- WHAT TO PRODUCE:
The copy you return must begin at the line containing "Choped plum and" and end at the final line of the listing below, with every picture left out.

- TASK INPUT:
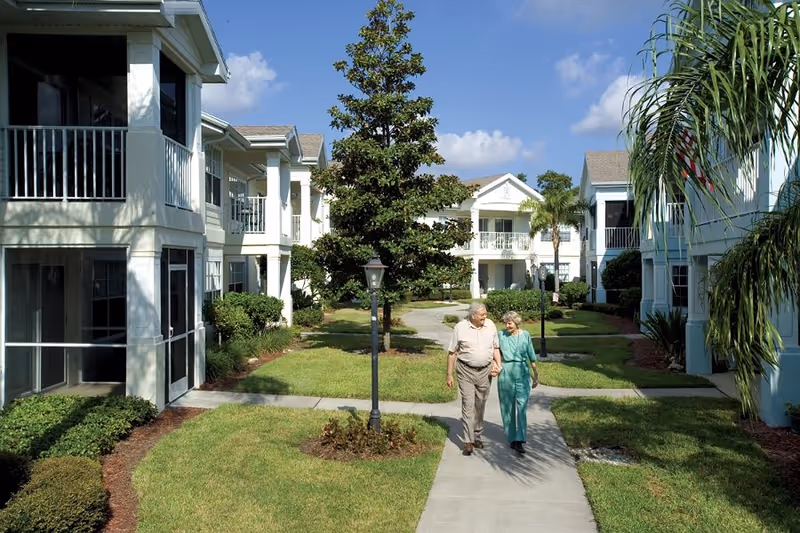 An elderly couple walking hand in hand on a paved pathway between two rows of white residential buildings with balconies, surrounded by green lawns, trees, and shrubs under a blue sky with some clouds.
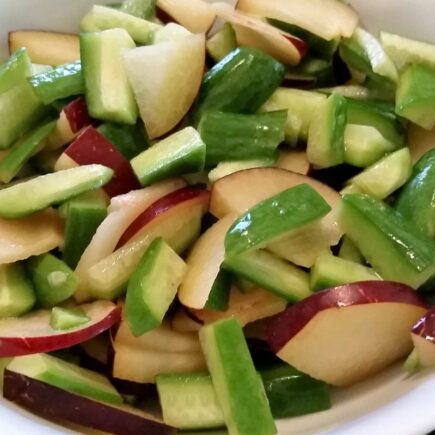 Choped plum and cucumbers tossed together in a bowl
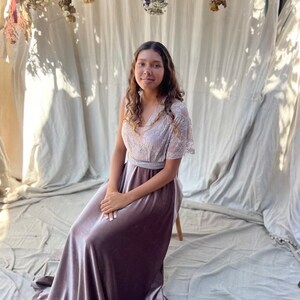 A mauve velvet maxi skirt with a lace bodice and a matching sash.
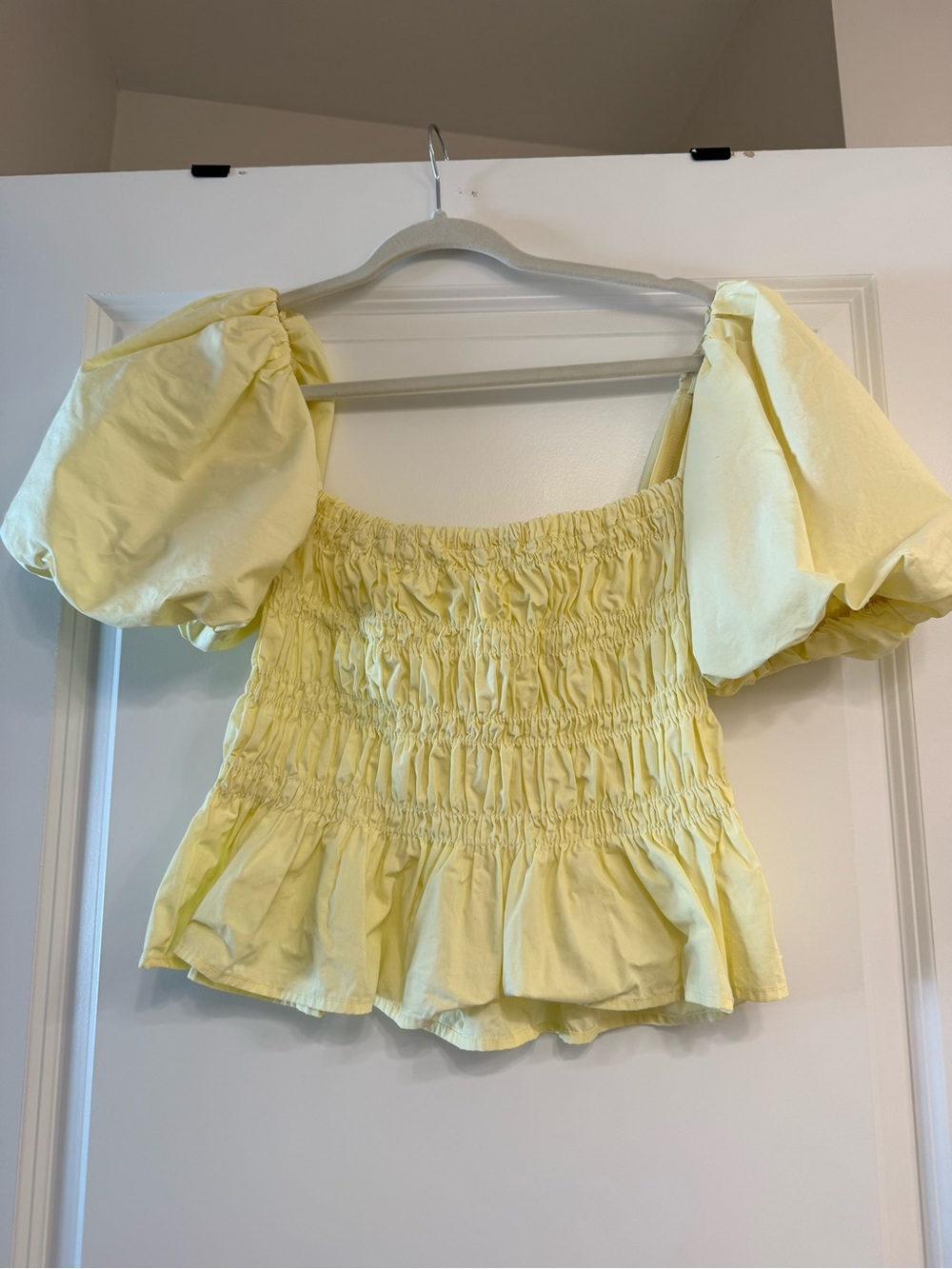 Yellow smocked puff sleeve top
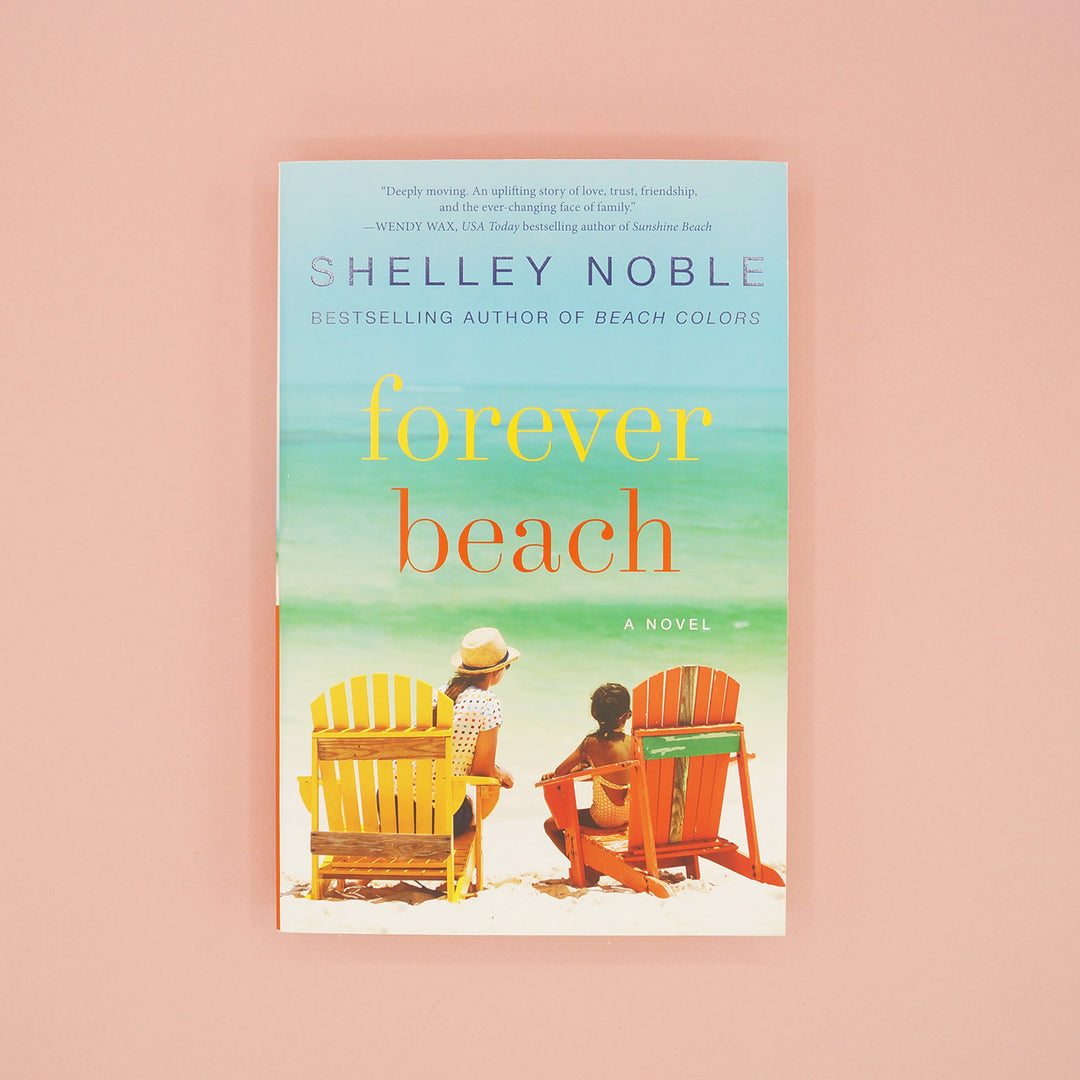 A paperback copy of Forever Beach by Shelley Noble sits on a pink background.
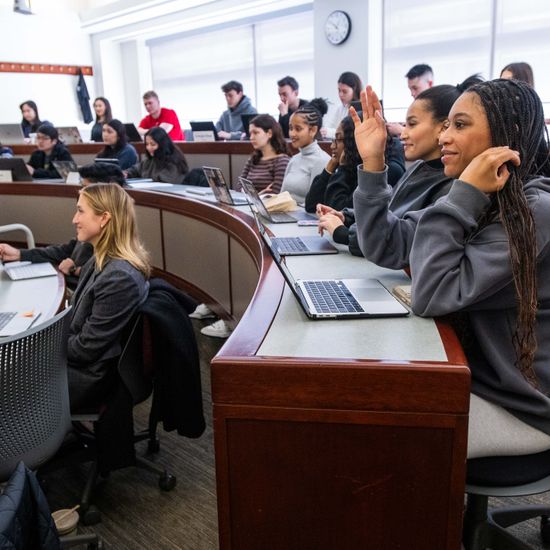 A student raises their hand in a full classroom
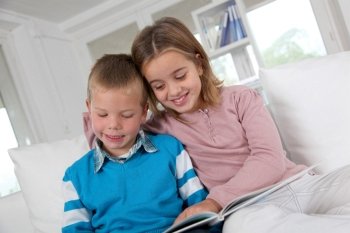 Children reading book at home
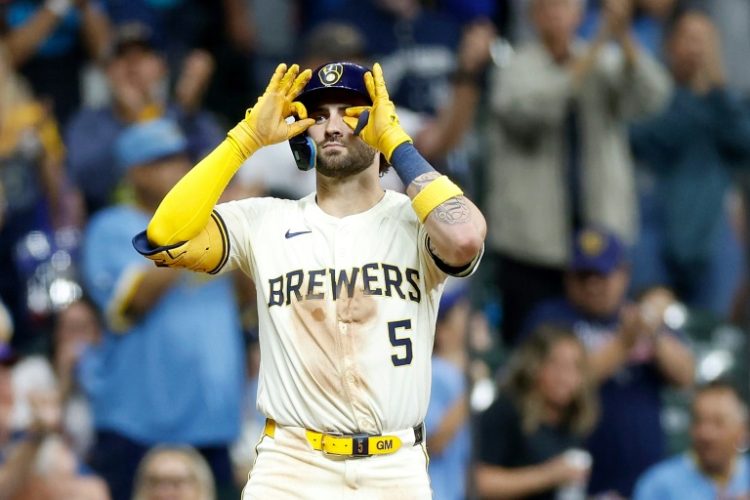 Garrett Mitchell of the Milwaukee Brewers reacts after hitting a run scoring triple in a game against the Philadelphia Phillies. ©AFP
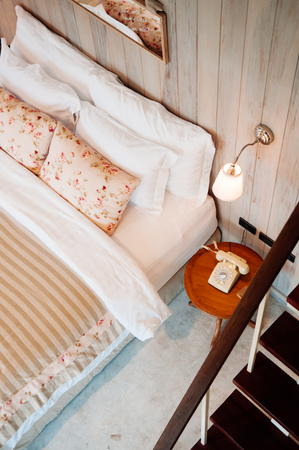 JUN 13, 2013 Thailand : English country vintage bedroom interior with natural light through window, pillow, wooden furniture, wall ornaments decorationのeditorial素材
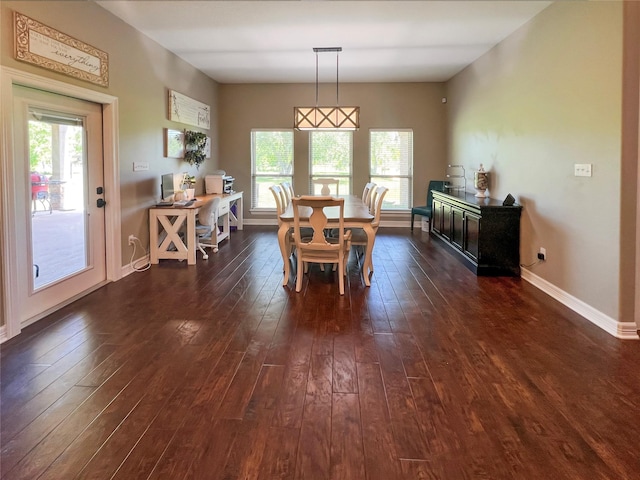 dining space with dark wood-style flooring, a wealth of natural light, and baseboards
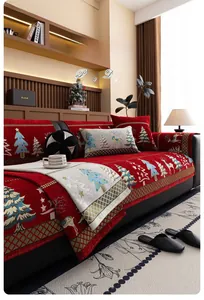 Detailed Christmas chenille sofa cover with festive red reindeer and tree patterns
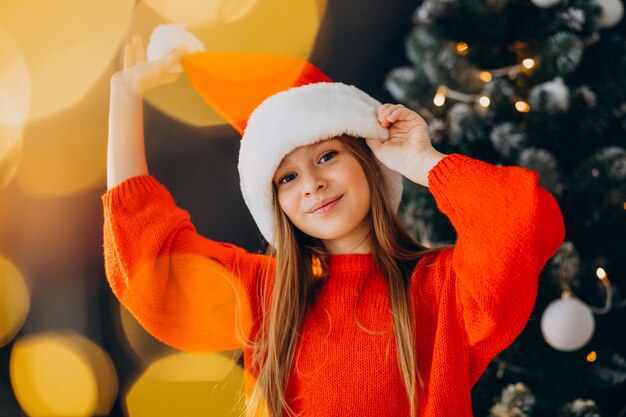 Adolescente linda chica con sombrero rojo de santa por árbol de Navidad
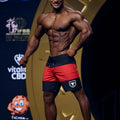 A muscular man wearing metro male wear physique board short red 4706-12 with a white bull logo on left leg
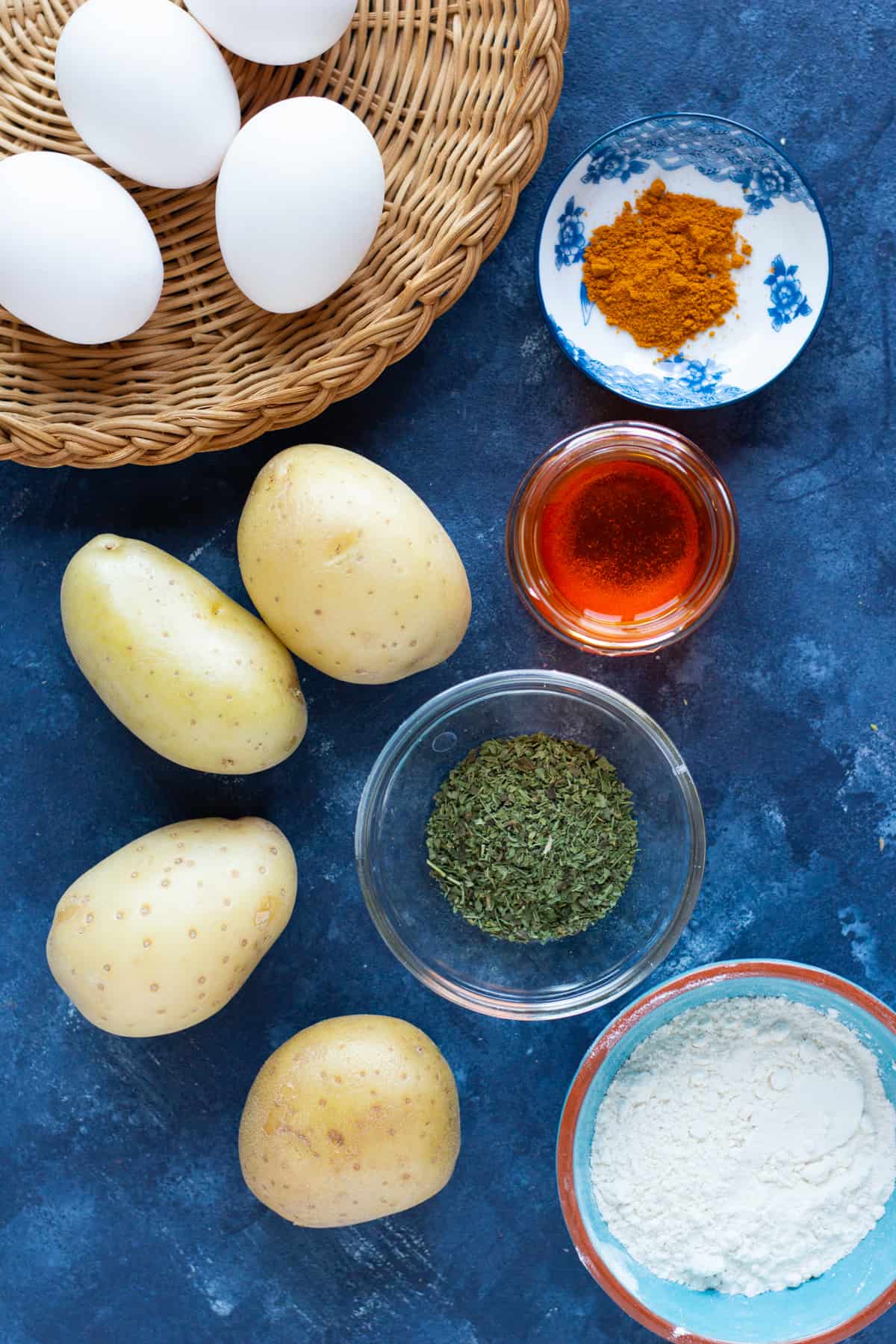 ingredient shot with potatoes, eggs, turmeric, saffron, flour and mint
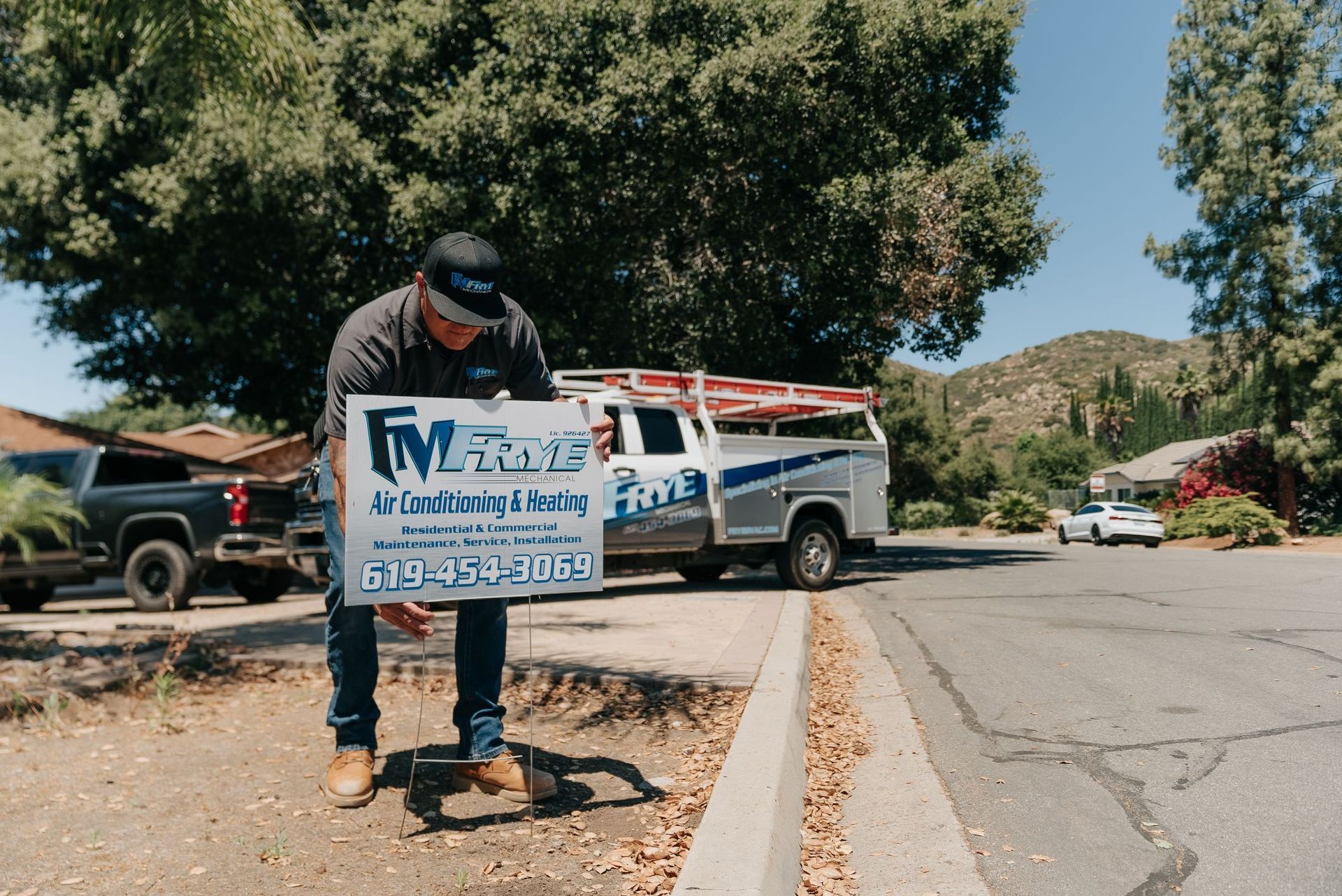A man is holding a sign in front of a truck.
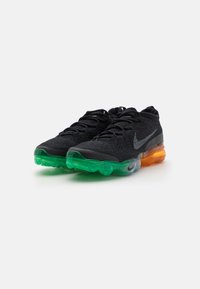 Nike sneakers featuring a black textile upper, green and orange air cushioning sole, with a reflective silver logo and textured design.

- ANSWER:
 Choped plum and cucumbers tossed together in a bowl
 A mauve velvet maxi skirt with a lace bodice and a matching sash.
 Yellow smocked puff sleeve top
 A paperback copy of Forever Beach by Shelley Noble sits on a pink background.
 A student raises their hand in a full classroom
 Children reading book at home
 Garrett Mitchell of the Milwaukee Brewers reacts after hitting a run scoring triple in a game against the Philadelphia Phillies. ©AFP
 JUN 13, 2013 Thailand : English country vintage bedroom interior with natural light through window, pillow, wooden furniture, wall ornaments decorationのeditorial素材
 dining space with dark wood-style flooring, a wealth of natural light, and baseboards
 Detailed Christmas chenille sofa cover with festive red reindeer and tree patterns
 Adolescente linda chica con sombrero rojo de santa por árbol de Navidad
 A muscular man wearing metro male wear physique board short red 4706-12 with a white bull logo on left leg
 ingredient shot with potatoes, eggs, turmeric, saffron, flour and mint
A man is holding a sign in front of a truck.
 Nike sneakers featuring a black textile upper, green and orange air cushioning sole, with a reflective silver logo and textured design.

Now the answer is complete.